すなわち、誰もが新型コロナウィルスの検査を希望すれば受けられるわけではありませんので、単に「風邪を引いたから医者に診てもらって来て」という理由だけで、部下を受診させるのは、その方の新型コロナウィルス感染のリスクを増すだけでなく、もしその方が感染されていれば、移動時や診察時に感染を周囲に広めることになりますので、厳に御慎みくださいますよう御願いします。新型コロナウィルスが本当に心配なら、風邪症状のある方を2週間自宅待機させて様子を見るしかありません。

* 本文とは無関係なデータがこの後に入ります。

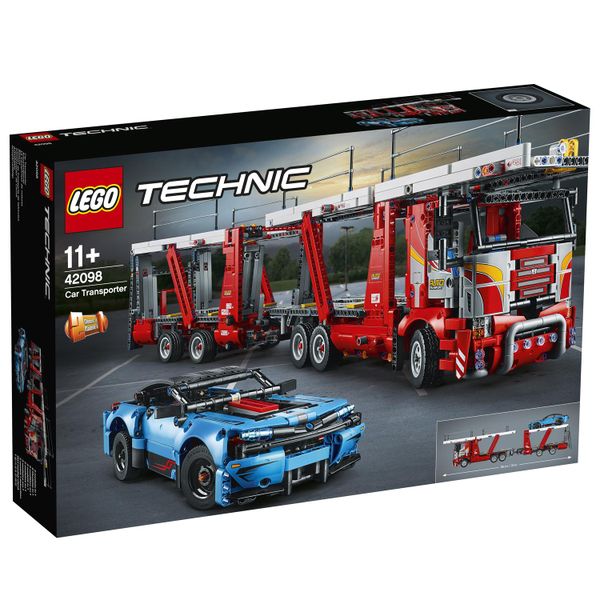 LEGO® Technic Car Transporter 42098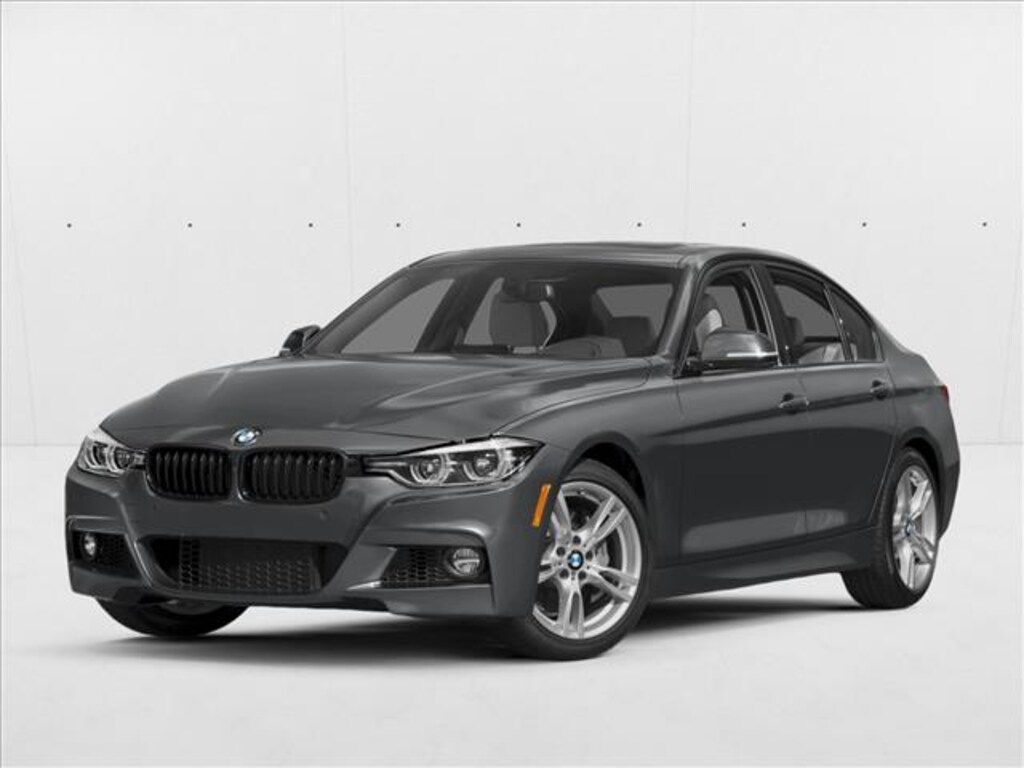 Used 2017 BMW 340i xDrive Sedan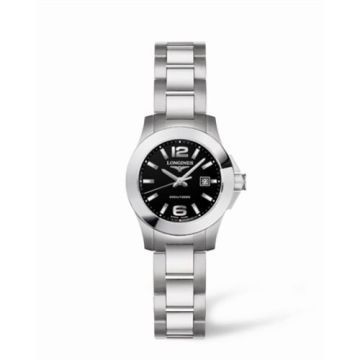 Longines Conquest Quartz 25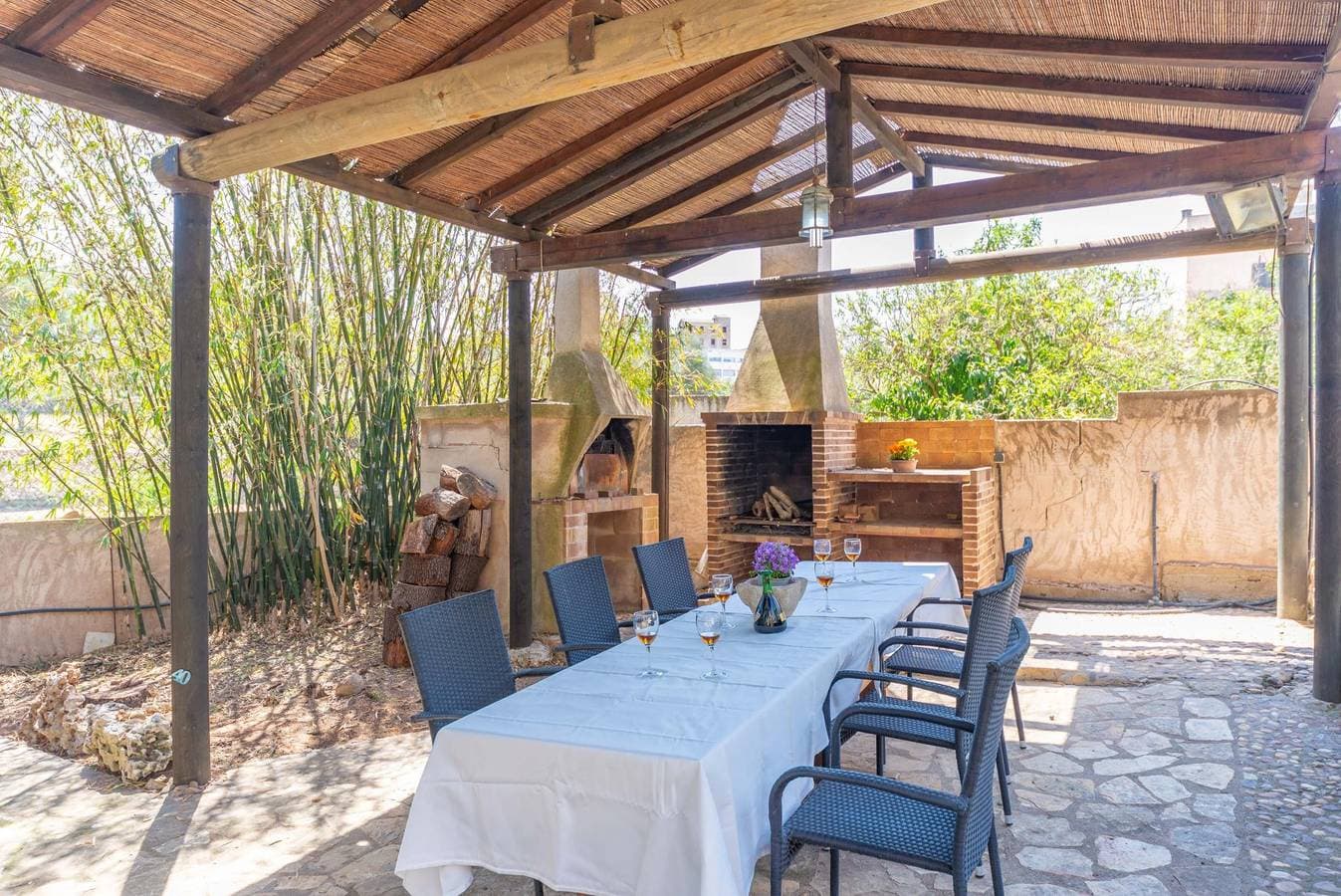 Foto 5 von 37: Pleta De Son Monjo - Rustikales Haus mit privatem Pool und kostenlosem Wifi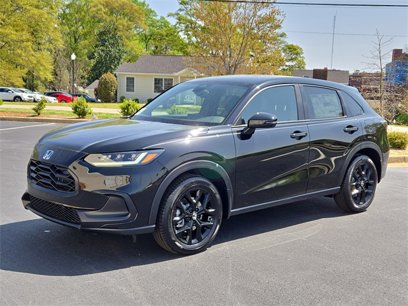 New 2025 Honda HR-V Sport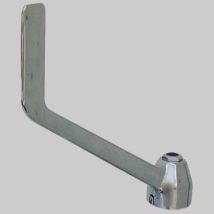 Leva Sanitaria Cromo Porta & Bini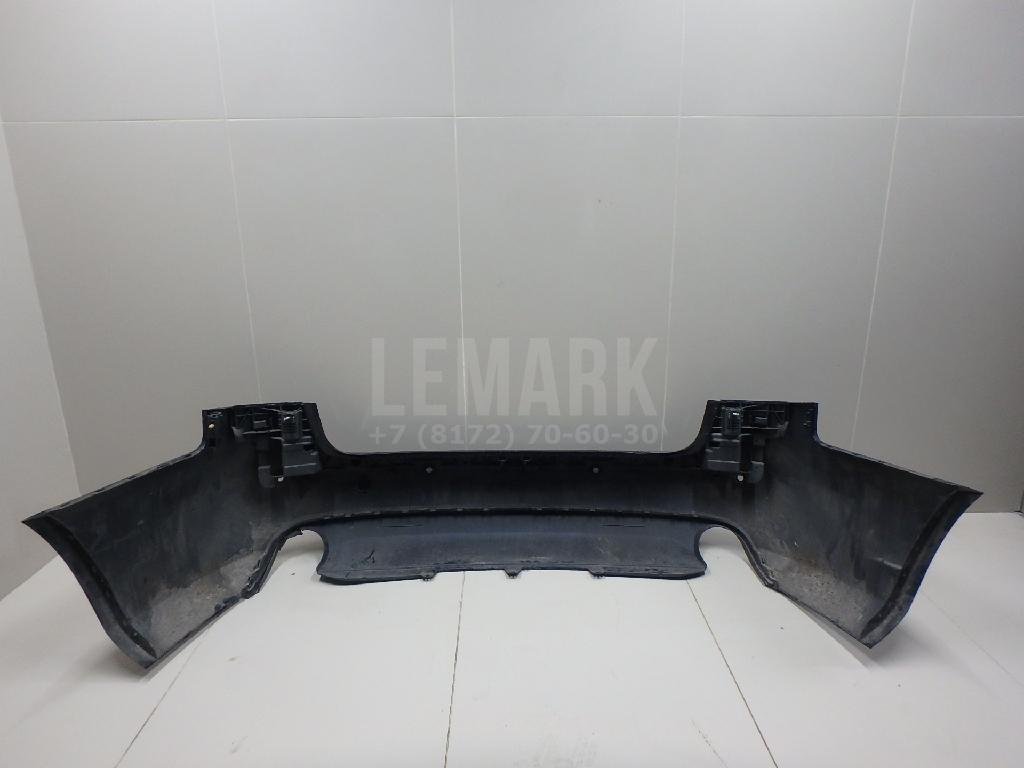 Бампер задний для  Audi A3 [8PA] Sportback 2004-2013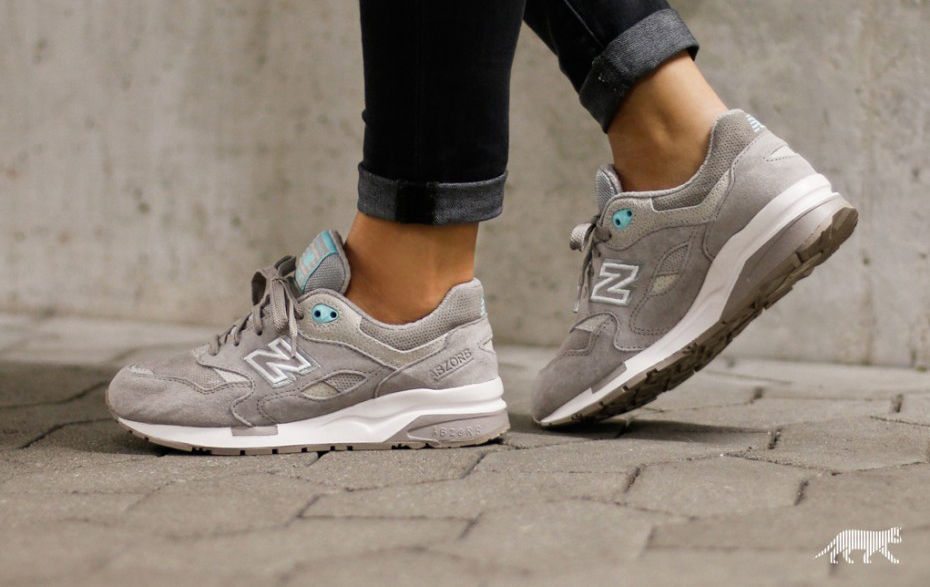 Shades of Grey for New Balance's 1600 Runner | Sole Collector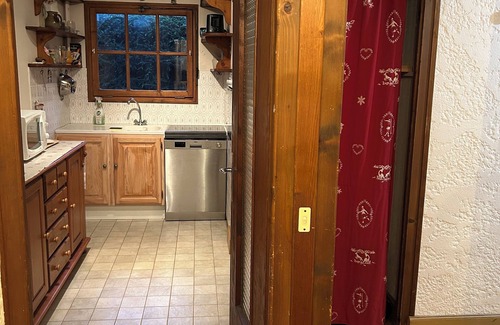 Praz-sur-Arly Ski Chalet | Chalet Praz sur Arly - Near. Megeve - Garden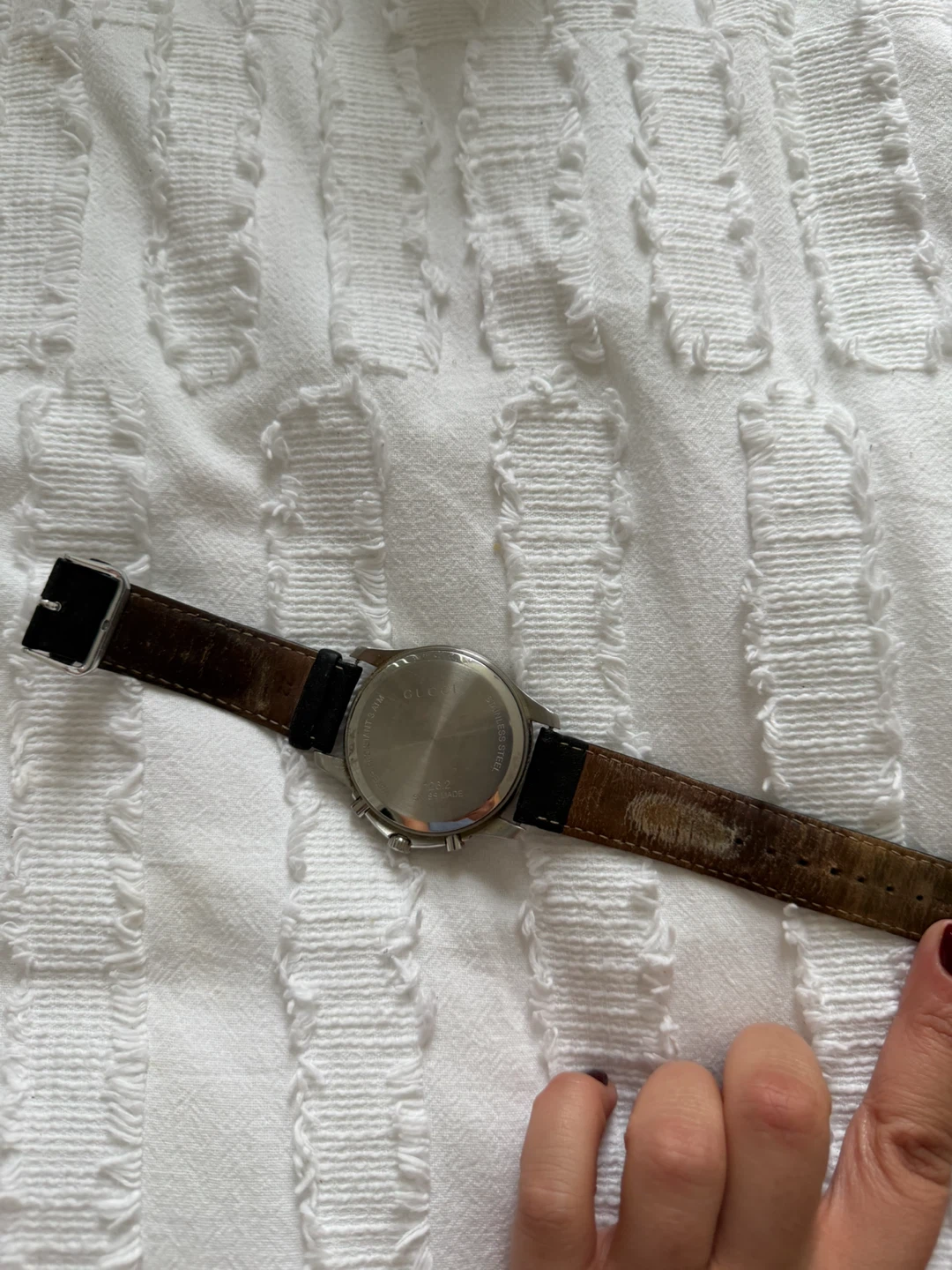 Gucci 126.2 Chronograph Watch - photo 3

新型コロナウィルスを心配されるなら、テレワークや時差通勤の推進,多くの社員を一箇所に集めない,人と人の距離を2m(少なくとも1m以上)あける,公共交通機関の利用をなるべく避ける,社内の換気をこまめにする,消毒用アルコールでドアノブをはじめ共有部分や社員の手指・デスク回り・化粧室の消毒を徹底するなど、の労働環境の整備と、体調の悪い方を無理させずに自宅で休ませることでお願いします。
また、若い方は新型コロナウィルスに感染しても重症化することは稀ですが、年齢を重ねるほど、また糖尿病のような持病がある方ほど、重症化する確率が高くなりますので、可能ならば、ご年配の方ほど出勤せずに自宅から指示を出すなどにされたほうが良いと思われます。